## AIM OF THE TASK:
Each entry below must be written out exactly, with pictures left out.

## DATA SUPPLIED:
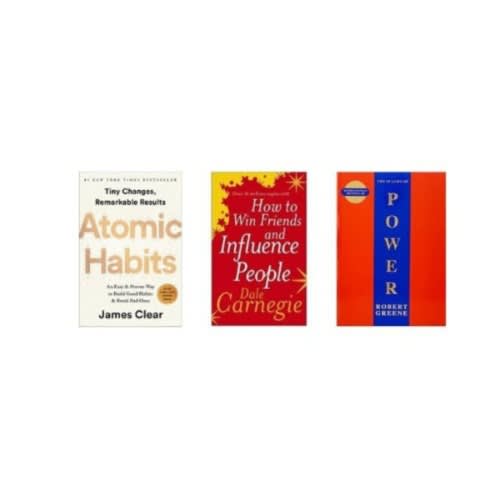 Atomic Habits + How To Win Friends And Influence People + The 48 Laws Of Power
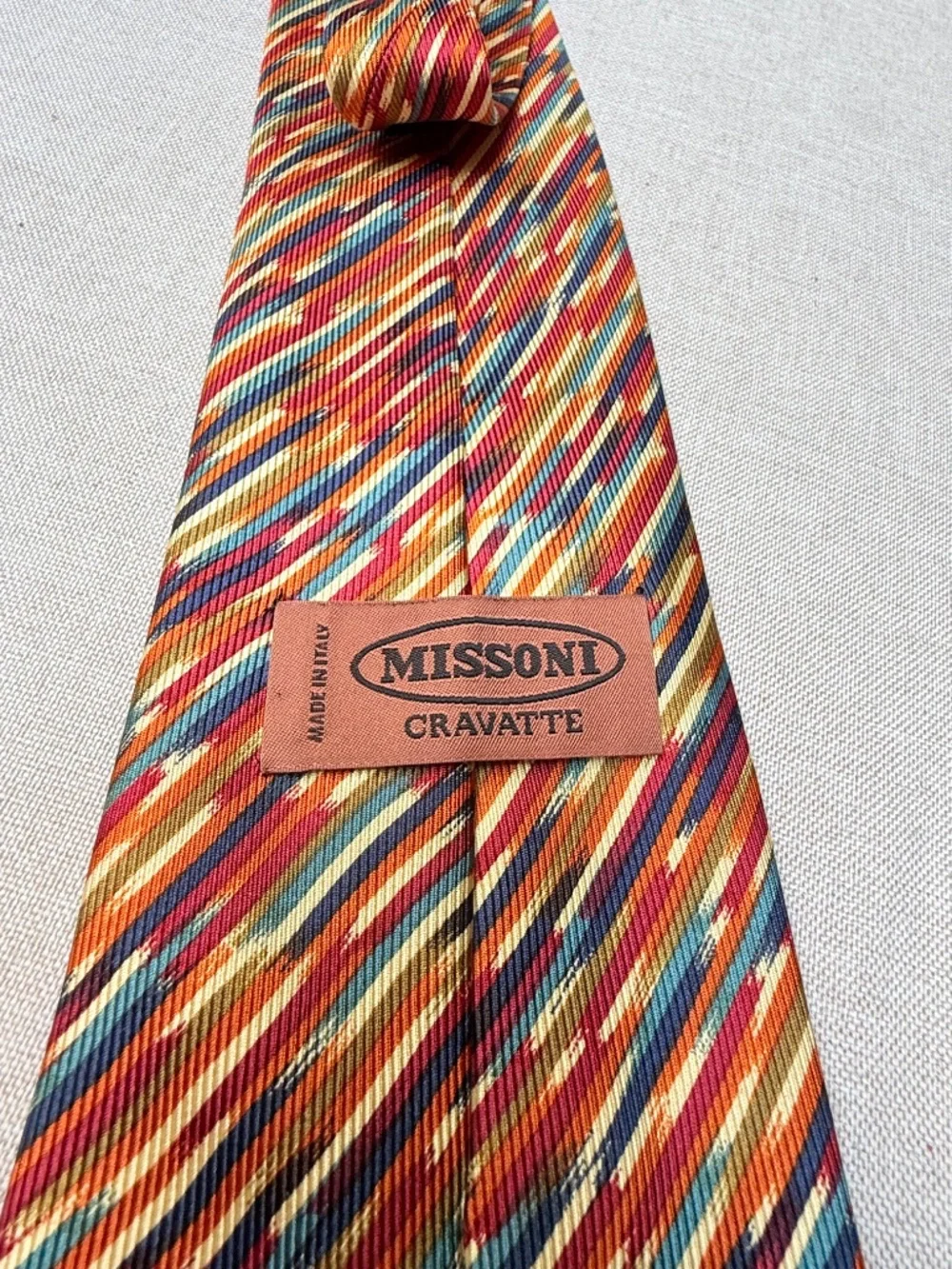Vintage Missoni Cravatte Necktie Made in Italy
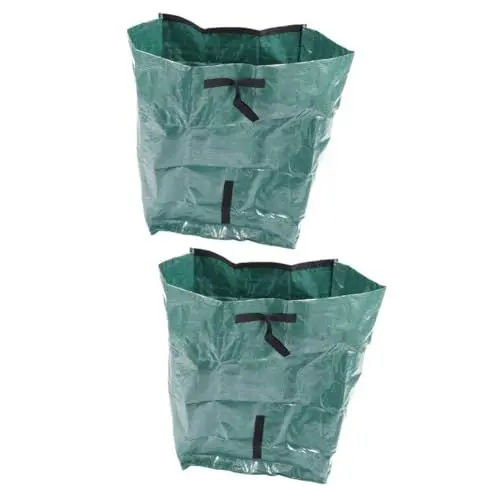 Produktbild: 2 Stk Blattbeutel müllbeutel Mülleimer Gartenabfallbehälter Abfallcontainer dustbin Blätter Aufbewahrungstasche garten blatt tasche Grassack Verbessert Gartentasche Komposttonne pp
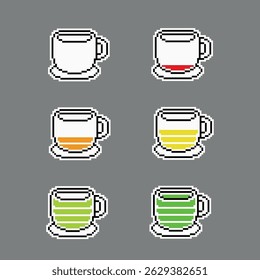 Caffeine Load, pixel art illustration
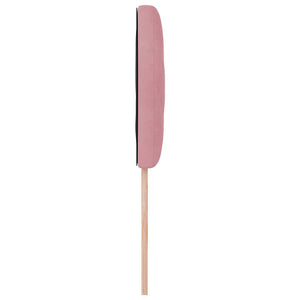 LED Kopfteil Rosa Samt 100cm
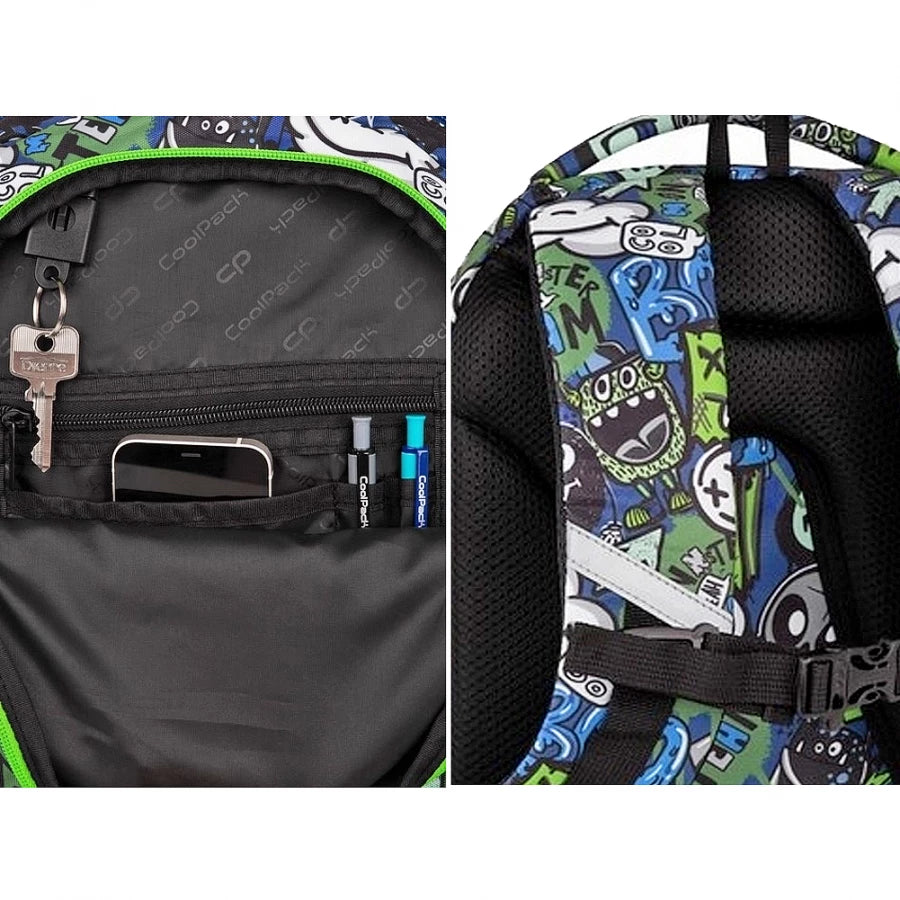 Mokyklinė kuprinė Monster Team – CoolPack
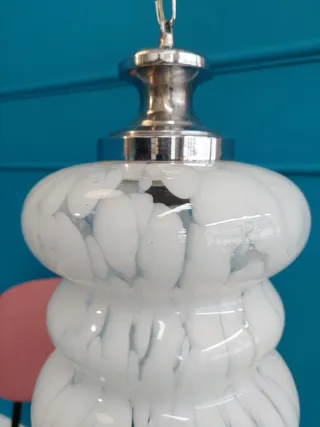 Lampadario vintage vetro maculato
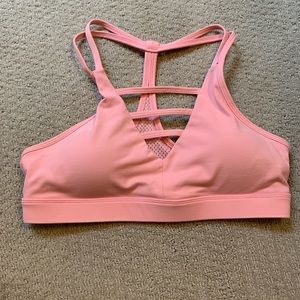Zyia Large Pink Grid Bra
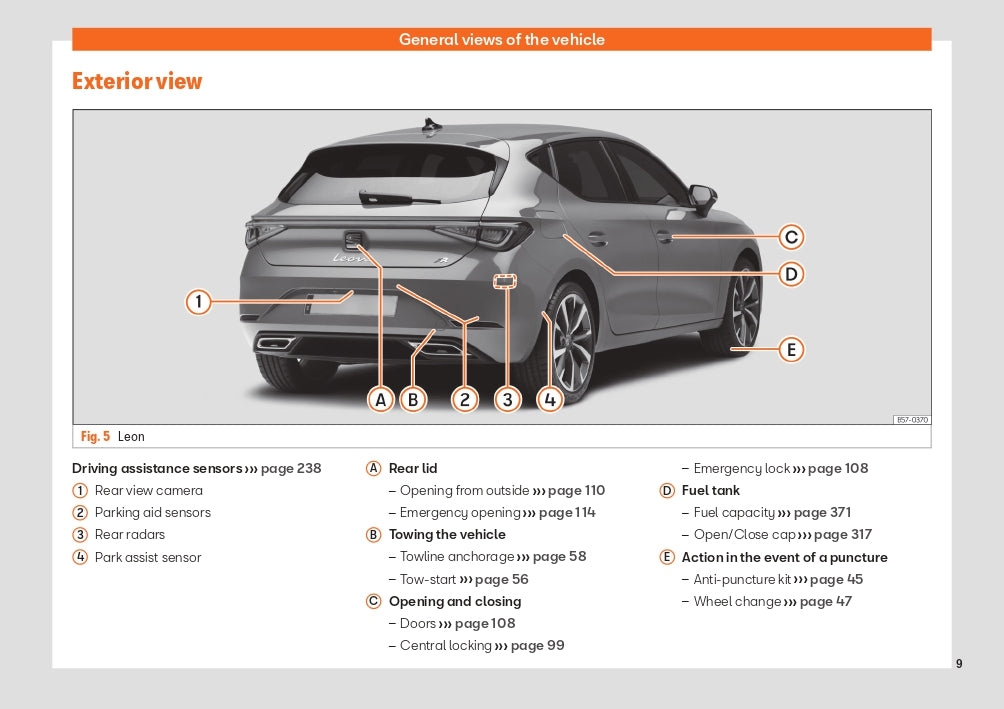 2022 Seat Leon Gebruikershandleiding | Engels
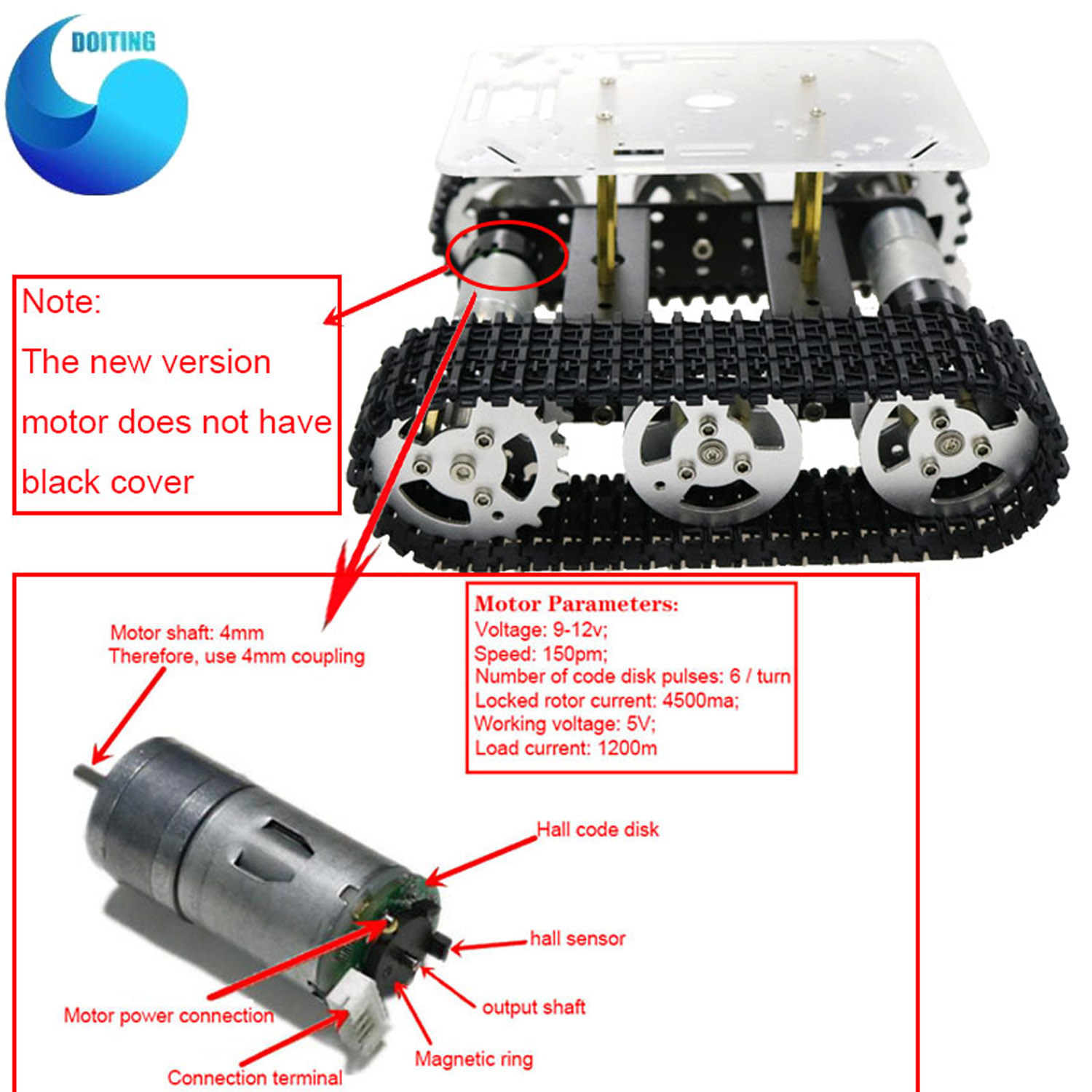RC металлический робот-цистерн – обзор и цена Tracked Robot Chassis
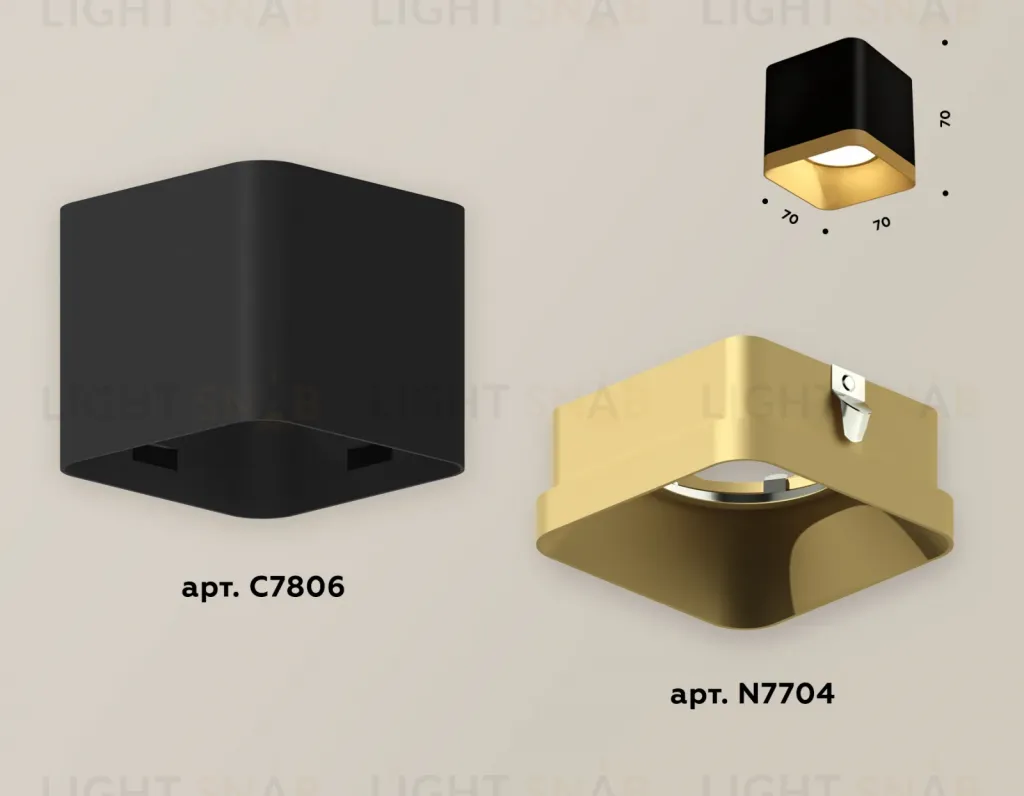 Накладной светильник Ambrella Light Techno XS7806004 (C7806, N7704) XS7806004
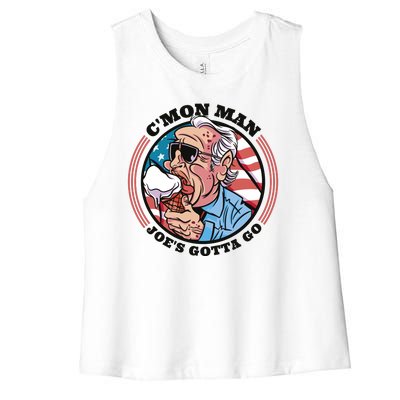 Joe Biden Gotta Go Ice Cream Women's Racerback Cropped Tank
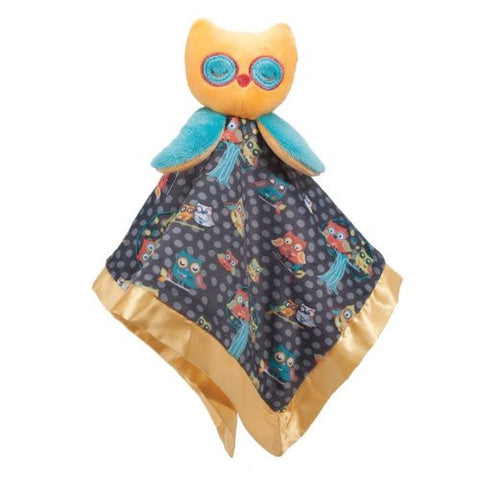 Orange Owl Lil' Snuggler 13" by Douglas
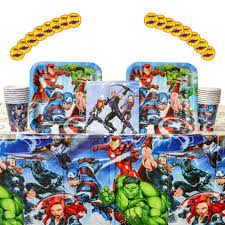 Tight pants, giant wings, clawed hands and other superhero paraphernalia would make passing the potato salad a near impossible task. Toys Games Birthday Party 16 Stickers 16 Dinner Plates Perfect For Your Superhero Party 1 Table Cover 16 Luncheon Napkins Marvel Avengers Party Supplies Pack For 16 Guests Comic Book Party And Cups Party Supplies
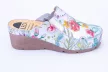 Ledi 105/5 ezüst virágmintás női szandál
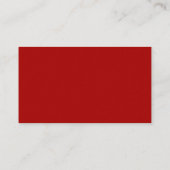 carte de visite du restaurant de bol rouge (Dos)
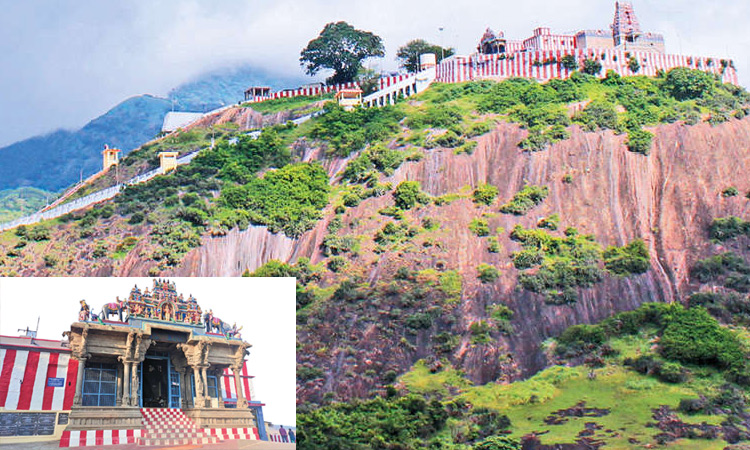 இயற்கை எழில் சூழ்ந்த திருமலை கோவில்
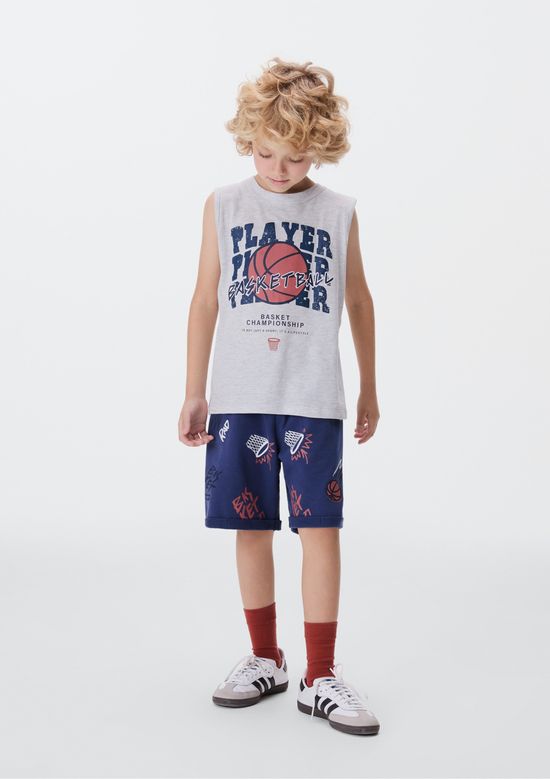 Foto do produto: Conjunto Curto Infantil Menino Com Estampa - Azul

## TASK RESULT:
 Atomic Habits + How To Win Friends And Influence People + The 48 Laws Of Power
Vintage Missoni Cravatte Necktie Made in Italy
 Produktbild: 2 Stk Blattbeutel müllbeutel Mülleimer Gartenabfallbehälter Abfallcontainer dustbin Blätter Aufbewahrungstasche garten blatt tasche Grassack Verbessert Gartentasche Komposttonne pp
 Caffeine Load, pixel art illustration
 LED Kopfteil Rosa Samt 100cm
 Mokyklinė kuprinė Monster Team – CoolPack
 Lampadario vintage vetro maculato
Zyia Large Pink Grid Bra
 2022 Seat Leon Gebruikershandleiding | Engels
RC металлический робот-цистерн – обзор и цена Tracked Robot Chassis
 Накладной светильник Ambrella Light Techno XS7806004 (C7806, N7704) XS7806004
 Joe Biden Gotta Go Ice Cream Women's Racerback Cropped Tank
 Orange Owl Lil' Snuggler 13" by Douglas
 Tight pants, giant wings, clawed hands and other superhero paraphernalia would make passing the potato salad a near impossible task. Toys Games Birthday Party 16 Stickers 16 Dinner Plates Perfect For Your Superhero Party 1 Table Cover 16 Luncheon Napkins Marvel Avengers Party Supplies Pack For 16 Guests Comic Book Party And Cups Party Supplies
 Ledi 105/5 ezüst virágmintás női szandál
 carte de visite du restaurant de bol rouge (Dos)
 இயற்கை எழில் சூழ்ந்த திருமலை கோவில்
 Foto do produto: Conjunto Curto Infantil Menino Com Estampa - Azul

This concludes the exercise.